### EXERCISE BRIEF
Take the line containing "Annapoorani annai illam - Jaffna - 7" and all lines after it, through the end of the material, and repeat them exactly, pictures left out.

### DATA SEGMENT
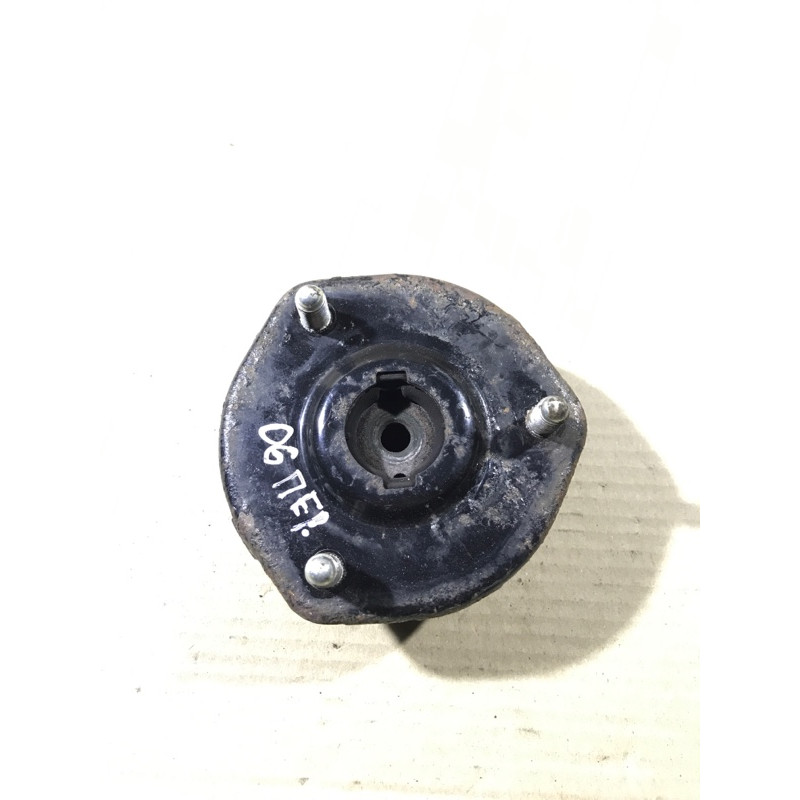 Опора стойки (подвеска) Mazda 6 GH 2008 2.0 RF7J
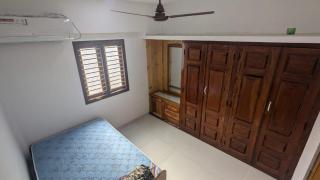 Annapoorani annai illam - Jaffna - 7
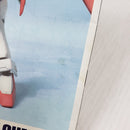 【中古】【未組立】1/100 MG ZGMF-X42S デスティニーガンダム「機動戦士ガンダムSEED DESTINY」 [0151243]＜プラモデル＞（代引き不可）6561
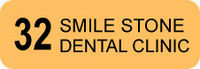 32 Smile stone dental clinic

### EXERCISE ANSWER
 Annapoorani annai illam - Jaffna - 7
 【中古】【未組立】1/100 MG ZGMF-X42S デスティニーガンダム「機動戦士ガンダムSEED DESTINY」 [0151243]＜プラモデル＞（代引き不可）6561
 32 Smile stone dental clinic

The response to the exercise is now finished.